Wie geht es eigentlich in Liebesromanen weiter, wenn endlich die Lernschwester den Oberarzt zärtlich in den Arm genommen und geküsst hat? Oder die Magd den Großbauern? Oder die Bettelprinzess den Grafen?

Man kann das erfahren, wenn man sich zum Beispiel mit der Geschichte von dem Kindermädchen aus einfachem Hause, das den Großverleger heiratet, beschäftigt. Also mit dem Buch Friede Springer. Die Biographie, das die FAZ-Journalistin Inge Kloepfer kürzlich vorgelegt hat. Die literarische Qualität dieses Werks erschließt sich vielleicht aus einem längeren Zitat, mit dem Kloepfer schildert, wie Friede Riewerts den Axel Cäsar Springer erstmals kennenlernte: "Mitten im Gespräch hielt sie plötzlich inne. Mausi Springer hatte sich abgewandt und blickte nach oben. Friede sah, dass im ersten Stock auf der Treppe unbewegt der Hausherr stand. Einen Moment lang war es still in der Halle. Friede fragte sich, wie lange er dort schon gestanden haben mochte. Zu seinem beigefarbenen Sommeranzug trug er ein hellblaues Oberhemd aus Batist. In der rechten Hand hielt er einen ledernen Aktenkoffer. Dann stieg er mit leicht schlenderndem Gang die Treppe herunter. Friede erhob sich unwillkürlich, um ihn zu begrüßen. Er gab ihr die Hand und taxierte sie, von oben bis unten und wieder bis oben, so dass mit einemmal ihre Befangenheit zurückkehrte. Ohne ein Wort zu sagen, war er mit ein paar langen Schritten schon am Ende der grünen Eingangshalle angelangt. An der Tür blieb er unvermittelt stehen und drehte sich um. Sein Blick fiel noch einmal auf die blonde Friesin, er schaute sie an, eine Sekunde oder auch zwei - jedenfalls ein bisschen zu lange und zu durchdringend, als dass es sie nicht merkwürdig berührt hätte. Diesen Blick würde sie in ihrem Leben nie mehr vergessen. Dann verschwand er - so unvermittelt, wie er oben an der Treppe erschienen war."

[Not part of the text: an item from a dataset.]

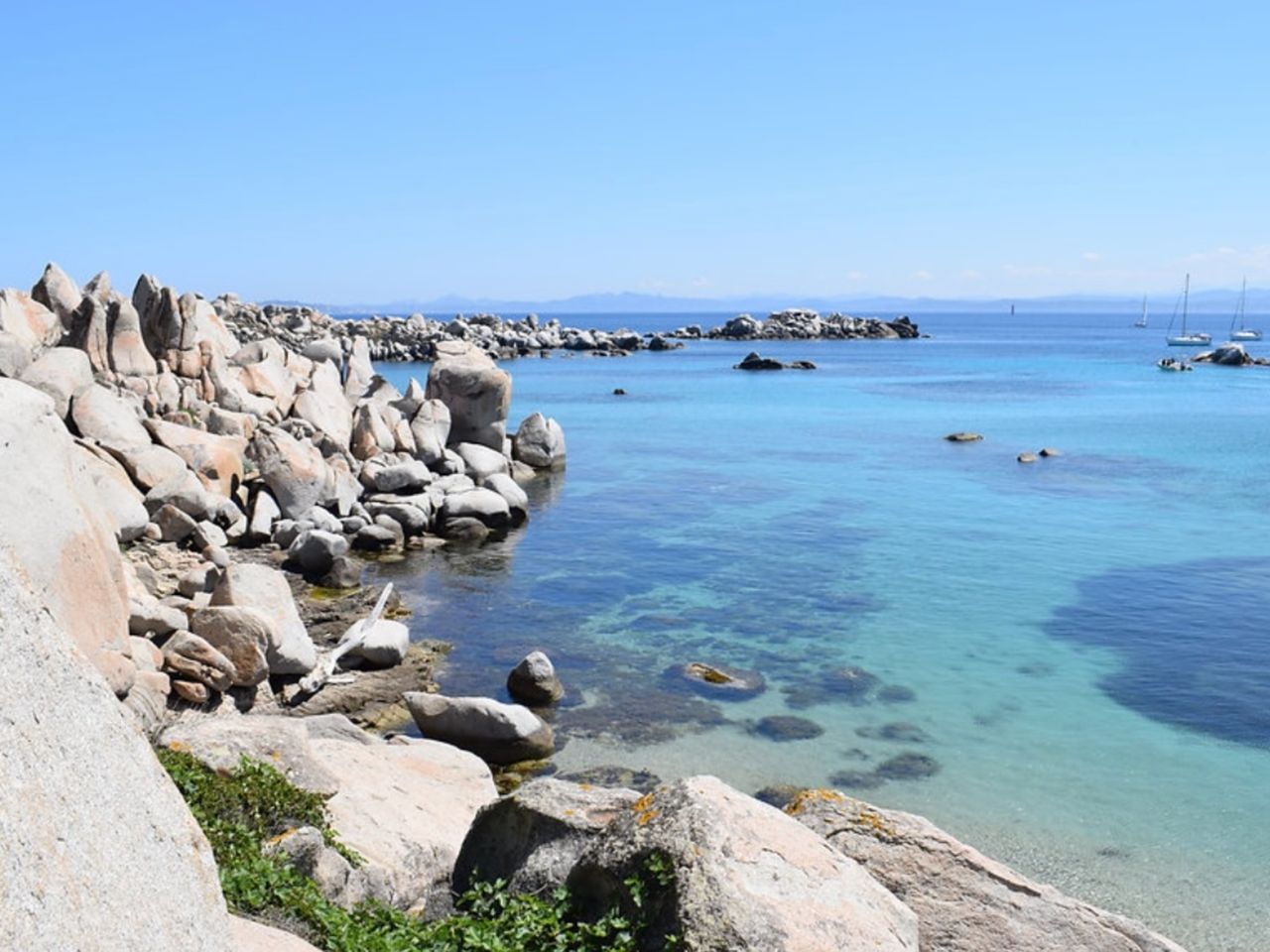 Обзорная экскурсия с Сардинии на Юг Корсики: романтика Бонифачо - индивидуальная экскурсия на Сардинии на машине гида длительностью 9 часов с количеством участников до 8 человек цена экскурсии 480€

Inge Kloepfer schreibt mehr als einen Kitschroman, sie schreibt nämlich auch seine Fortsetzung: Die Zwei fanden sich, küssten sich, liebten sich, versteckten sich und heirateten. Dann lebten sie Seit an Seit, kauften Schloss um Schloss, und Friede bemühte sich, dem großen Großverleger eine gar gute Gattin zu sein. Wenn Axel Cäsar zweifelte, sprach sie ihm Mut zu: "Du hast genug getan, du hast gegen den Kommunismus gekämpft. Er ist unrecht und wird zu Ende gehen." Diese Gewissheit besaß sie, weil sie brav die Bücher las, die Axel Cäsar ihr zu lesen gab, "denn sie wusste, dass sie sich ihm unterzuordnen hatte". Das heißt nicht, dass sie nicht viel gemeinsam erlebt hätten, sogar Alltäglichkeiten erlebten sie als Paar: "Sie frühstückten gemeinsam, Springer meist im Bett und Friede auf der Bettkante".

Autorin Inge Kloepfer ahnt, dass das Leben der Friede Springer, geborene Riewerts nicht zur Biografie taugt. Das Einstiegs- und das Ausstiegskapitel von Friedes Biografie bildet Axel Cäsars Tod. Schon in dieser Gliederung wird die Hauptperson zur Nebensächlichkeit erklärt. Das Buch hätte auch Springers fünfte Ehefrau. Die Biografie heißen können. Oder so wie das vierte Kapitel: Der Verleger und die Gärtnerstochter.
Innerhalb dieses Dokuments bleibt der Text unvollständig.